2014 beats out previous record holders even without El Niño’s warming powers

polar bear on ice
Polar bears just don’t do it for us anymore. Paul Souders/Corbis

Back in September, the National Oceanic and Atmospheric Administration predicted that 2014 could end up as the hottest year since records began in 1880. Well, they were right. Both NOAA and NASA have officially declared it so. 

Don’t be blasé about this. Graphing the issue, as NOAA’s Climate.gov does here  with data from the National Climatic Data Center, does not look good.

Annual temperatures since 1880, with the 10 warmest years in dark red. (NOAA Climate.gov, based on data from the National Climatic Data Center)

Americans might be confused by this news — given the "polar vortex" that that produced frigid temperatures last winter and even cooled the summer. (Also, it could be linked to melting Arctic sea ice caused by climate change.) But that kink in the jet stream merely shifted warm air someplace else. Alaska and the Arctic bore the brunt of it. The result: Alaska, Arizona, California and Nevada all set temperature records, explains The New York Times.

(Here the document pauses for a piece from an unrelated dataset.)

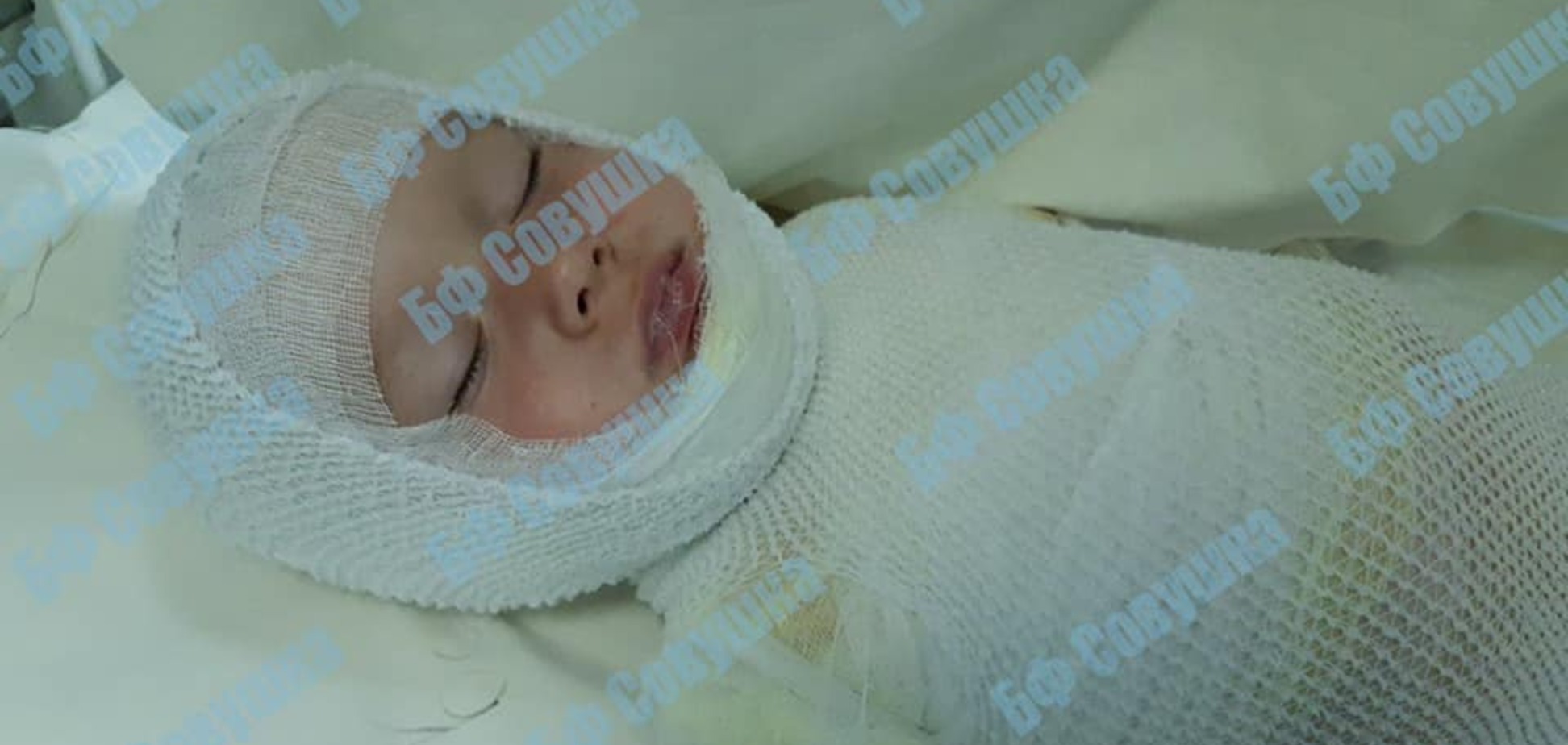 У Дніпрі 2-річна дитина перекинула на себе окріп: хлопчик в реанімації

NOAA’s global view helps illustrate this record year. An animation of 2014 surface temperatures around the world, as compared to the average from 1981-2010, shows uncomfortable blotches of warmth. It also makes clear how isolated the cool temperatures in North America really were.

2014 Global Temperature Recap

Let's try some other ways of putting this news into perspective. Overall, the temperature was 1.24 degrees Fahrenheit above the 20th century’s average. The twenty warmest years on record were the past twenty years. Ten of the warmest years on record have happened since 1997. 

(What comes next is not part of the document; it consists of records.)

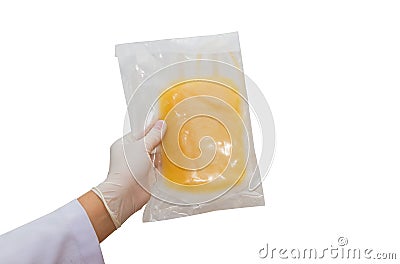 Doctor hand grab the blood plasma transfusion Stock Photo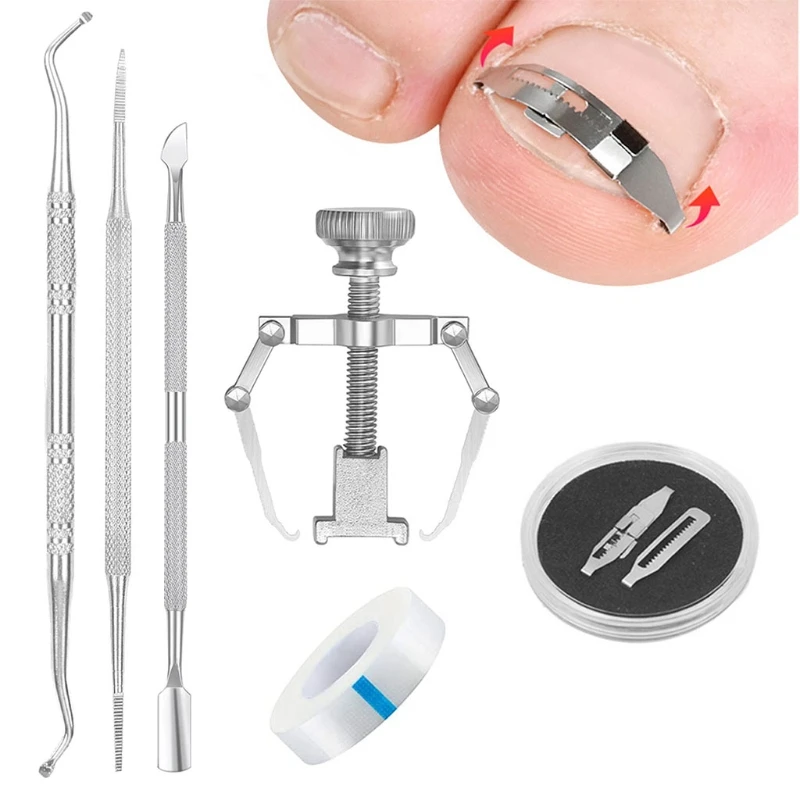 Ingrown Toenail Corrector Buckle Corrector Ingrown Toenail Tool Drop Shipping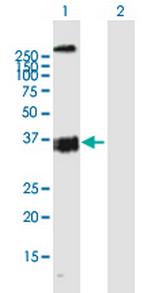 OXER1 Polyclonal Antibody, MaxPab™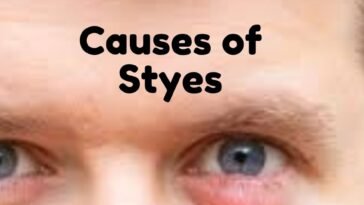 Causes of Styes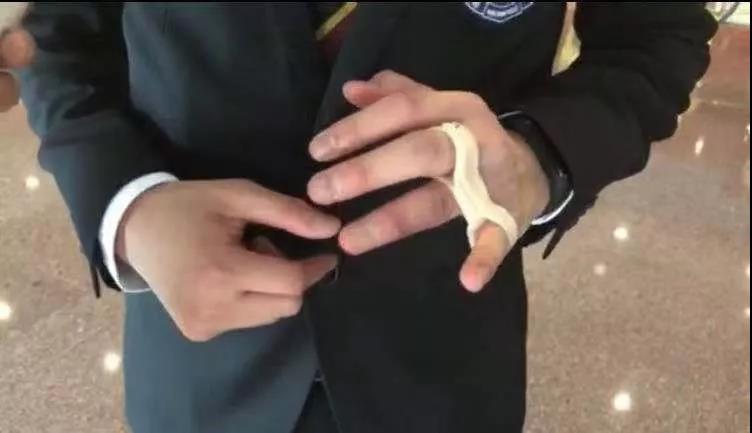 港警中箭,中箭蓝衣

And we’ve lived through four record breaking years — 2014, 2010, 2005 and 1998 — in that same period. In case you forget, the Met Office, the U.K.’s national weather service, reminds us that humans are probably to blame. "Our research shows current global average temperatures are highly unlikely in a world without human influence on the climate," says Peter Stott, the agency’s head of climate attribution.

It’s true that 1998 was given a boost by a strong El Niño — something that the Times reports climate-change skeptics use to bolster their ideas. But, that logic is erroneous:

With the continued heating of the atmosphere and the surface of the ocean, 1998 is now being surpassed every four or five years, with 2014 being the first time that has happened in a year featuring no real El Niño pattern. Gavin A. Schmidt, head of NASA’s Goddard Institute for Space Studies in Manhattan, said the next time a strong El Niño occurs, it is likely to blow away all temperature records.

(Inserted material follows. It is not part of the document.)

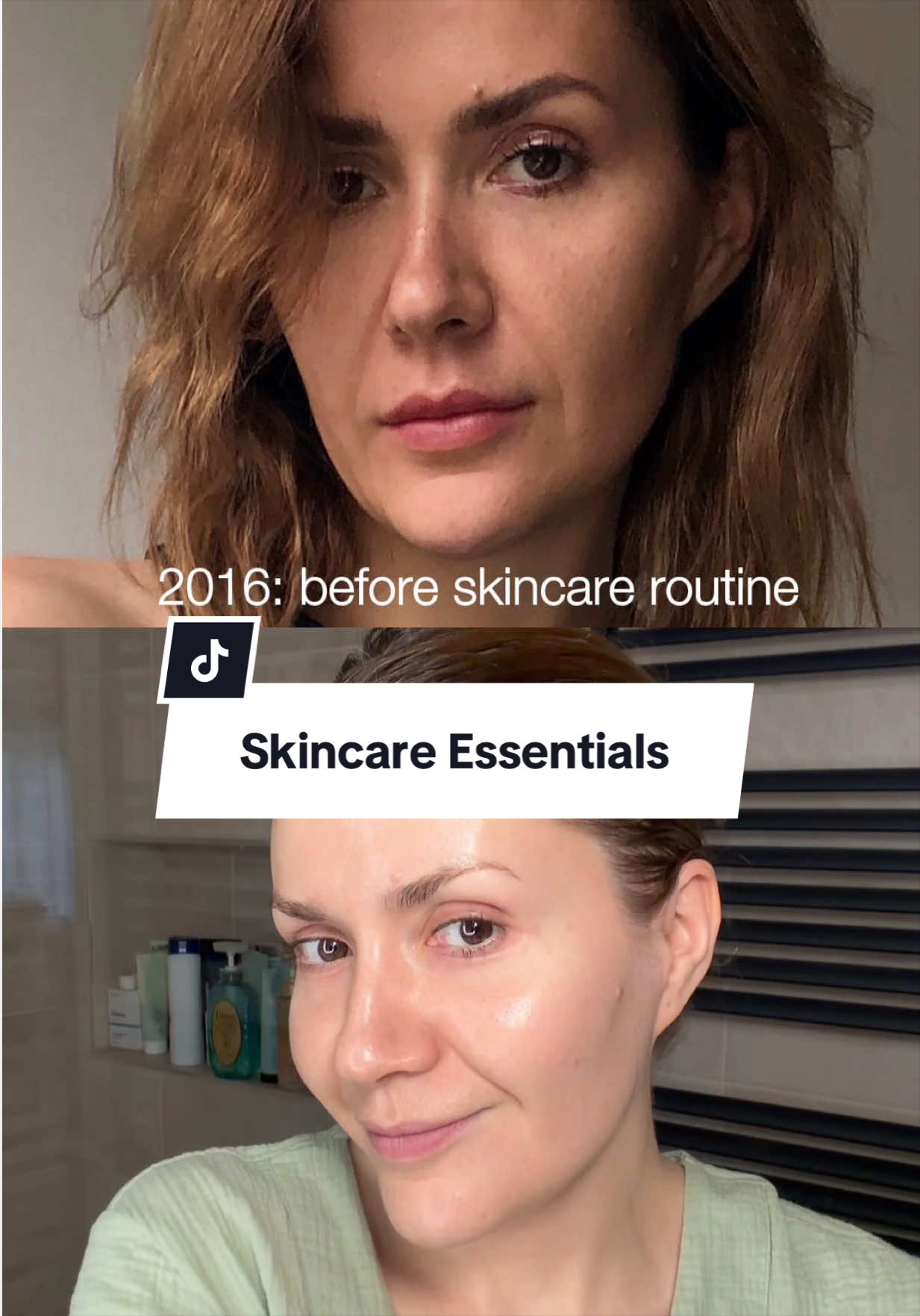 @Marina @4complexion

“Obviously, a single year, even if it is a record, cannot tell us much about climate trends,” Stefan Rahmstorf, head of earth system analysis at the Potsdam Institute for Climate Impact Research in Germany, told the Times. “However, the fact that the warmest years on record are 2014, 2010 and 2005 clearly indicates that global warming has not ‘stopped in 1998,’ as some like to falsely claim.”

Other analyses, such as the University of Alabama in Huntsville’s, based on recordings in the lower atmosphere, don’t award 2014 the title. But as The Washington Post points out, NASA and NOAA’s assessment will likely be cited frequently. It may be just one year, but 2014 stands as a symbol for the larger trend… at least until the next warmest year on record takes its spot.